5 CUMUL DES DEUX TECHNIQUES

Y a-t-il des circonstances où il est avantageux d’utiliser à la fois la fiducie discrétionnaire et les actions à dividendes discrétionnaires? Certainement. Voici quelques exemples.

 

Dans le cas où l’auteur de la planification envisage permettre aux bénéficiaires de sa fiducie familiale discrétionnaire à qui des actions de la compagnie familiale seront remises, de bénéficier de dividendes discrétionnaires entre eux, il serait avantageux de prévoir dès le départ que la fiducie souscrive à plusieurs catégories d’actions à dividendes discrétionnaires, plutôt qu’à une seule catégorie d’actions ordinaires.  Par exemple, s’il est prévu que les actions détenues par la fiducie seront éventuellement réparties entre trois (3) bénéficiaires, en parts égales entre eux, la fiducie pourrait immédiatement souscrire à soixante (60) actions ordinaires de trois catégories distinctes (disons des « O-1 », « O-2 » et « O-3 »), pour un (1) dollar par action. Ceci requerra que la fiducie investisse cent quatre-vingt dollars (180 $) dans la compagnie. Éventuellement, chacun des bénéficiaires se verra attribuer les actions ordinaires d’une des catégories détenues par la fiducie63

 

Jusqu’au jour de la liquidation de la fiducie discrétionnaire, ce genre de planification ne changera en rien la participation de la fiducie discrétionnaire dans la compagnie familiale, puisque la fiducie détiendra cent pour cent (100 %) des actions participantes, même s’il s’agit d’actions de plusieurs catégories.

 

Une autre situation où il serait avantageux de marier actions à dividendes discrétionnaires et fiducies discrétionnaires serait celle d’une compagnie ayant plus d’un actionnaire, désireux de procéder à un gel de succession.

 

Pensons à une compagnie familiale appartenant à deux sœurs qui toutes deux aimeraient geler leur participation pour le bénéfice de leurs enfants respectifs. Les nouvelles actions participantes, après le gel, pourraient alors être souscrites par la fiducie familiale discrétionnaire constituée pour chacune des familles des deux sœurs. Le nombre de catégories d’actions ordinaires à dividendes discrétionnaires à prévoir dépendra des objectifs recherchés par les sœurs.  Souhaitent-elles uniquement une répartition discrétionnaire entre leurs deux familles?  Alors deux (2) catégories d’actions à dividendes discrétionnaires devraient suffire.  Ou veulent-elles immédiatement prévoir la possibilité d’une répartition discrétionnaire entre chacun des bénéficiaires éventuels de leur fiducie familiale respective? Alors autant de catégories d’actions à dividendes discrétionnaires qu’il y aura de bénéficiaires à qui l’on voudra les attribuer pourront être souscrites par chacune des fiducies familiales.

 


63 Pourquoi soixante (60) actions par catégorie plutôt que cent (100) ou tout autre nombre? Parce que le nombre soixante (60) se divise bien par deux (2), par trois (3), par quatre (4), par cinq (5), et même par six (6), ce qui facilitera les transactions futures entre les détenteurs d’actions. Par contre, sitôt que plus d’un détenteur détiendra des actions dans une catégorie d’actions commune, la discrétion entre eux ne sera pas possible quant à cette catégorie. Heureusement, il leur reste encore les actions de leur catégorie distincte respective pour cette discrétion.

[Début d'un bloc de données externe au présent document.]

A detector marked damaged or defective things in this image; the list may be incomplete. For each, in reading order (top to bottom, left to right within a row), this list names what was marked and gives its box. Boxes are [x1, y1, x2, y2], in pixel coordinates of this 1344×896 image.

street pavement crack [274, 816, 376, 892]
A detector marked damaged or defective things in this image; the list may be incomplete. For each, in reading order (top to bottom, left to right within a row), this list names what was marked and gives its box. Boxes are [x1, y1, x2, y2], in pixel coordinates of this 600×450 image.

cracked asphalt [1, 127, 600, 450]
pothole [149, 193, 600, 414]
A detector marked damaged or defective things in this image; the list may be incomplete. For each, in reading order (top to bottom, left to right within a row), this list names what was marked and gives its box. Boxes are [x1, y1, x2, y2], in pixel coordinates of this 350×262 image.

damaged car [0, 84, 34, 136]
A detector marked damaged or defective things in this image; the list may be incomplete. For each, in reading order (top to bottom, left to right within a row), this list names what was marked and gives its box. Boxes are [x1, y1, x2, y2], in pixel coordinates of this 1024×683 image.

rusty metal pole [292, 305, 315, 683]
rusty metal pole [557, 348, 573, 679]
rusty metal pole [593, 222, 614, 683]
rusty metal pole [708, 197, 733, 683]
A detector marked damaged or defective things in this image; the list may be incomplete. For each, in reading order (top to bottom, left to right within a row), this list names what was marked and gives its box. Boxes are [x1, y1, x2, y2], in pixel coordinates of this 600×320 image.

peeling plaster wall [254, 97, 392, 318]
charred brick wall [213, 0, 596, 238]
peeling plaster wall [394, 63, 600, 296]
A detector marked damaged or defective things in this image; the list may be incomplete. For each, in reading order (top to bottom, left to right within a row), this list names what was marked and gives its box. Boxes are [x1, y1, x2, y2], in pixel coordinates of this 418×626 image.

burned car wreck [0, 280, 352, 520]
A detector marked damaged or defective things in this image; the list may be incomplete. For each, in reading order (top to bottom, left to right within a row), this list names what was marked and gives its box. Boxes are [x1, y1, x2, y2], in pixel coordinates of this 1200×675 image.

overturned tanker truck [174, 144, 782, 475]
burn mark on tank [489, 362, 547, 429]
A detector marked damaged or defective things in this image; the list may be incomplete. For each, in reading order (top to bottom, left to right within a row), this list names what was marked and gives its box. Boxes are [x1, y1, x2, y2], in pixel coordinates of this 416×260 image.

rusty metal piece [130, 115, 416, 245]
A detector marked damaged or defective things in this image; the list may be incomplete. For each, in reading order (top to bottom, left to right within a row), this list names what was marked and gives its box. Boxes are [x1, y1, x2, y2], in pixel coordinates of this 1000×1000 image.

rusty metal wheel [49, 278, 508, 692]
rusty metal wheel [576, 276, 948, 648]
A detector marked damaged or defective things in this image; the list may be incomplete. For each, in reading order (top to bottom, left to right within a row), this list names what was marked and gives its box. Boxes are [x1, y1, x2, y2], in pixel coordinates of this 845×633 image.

6 SCHÉMAS DE PLANIFICATIONS POSSIBLES

Vous trouverez ci-après plusieurs schémas résumant des planifications fiscales utilisant les actions à dividendes discrétionnaires, les fiducies discrétionnaires ou les deux.

6.1 COMPAGNIES RATTACHÉES

64

  • Les « A », « B » et « C » sont votantes, participantes et à dividendes discrétionnaires.
  • Gesco 1, Gesco 2 et Gesco 3 ne sont pas liées.
  • Gesco 1, Gesco 2 et Gesco 3 sont-elles respectivement « rattachées » à OPCO?
  • Pour être rattachée, chacune de Gesco 1, Gesco 2 et Gesco 3 doit détenir plus de 10 %, en vote et en valeur, des actions d’OPCO.

 

Réponse de l’ARC : les compagnies sont rattachées.

  • Plus de 10 % des votes (chacune a 331/3% des votes).
  • Plus de 10 % de la JVM, car :

 

  • bien que le versement d’un dividende discrétionnaire par OPCO influerait sur la JVM des actions émises de son capital-actions,
  • cela ne viendrait pas modifier la proportion de la JVM des actions du capital-actions d’OPCO détenues par chacune des trois GESCO, à un moment donné,
  • puisque chaque actionnaire détiendrait une catégorie d’actions parmi trois catégories d’actions ayant des droits identiques du point de vue d’un acheteur potentiel.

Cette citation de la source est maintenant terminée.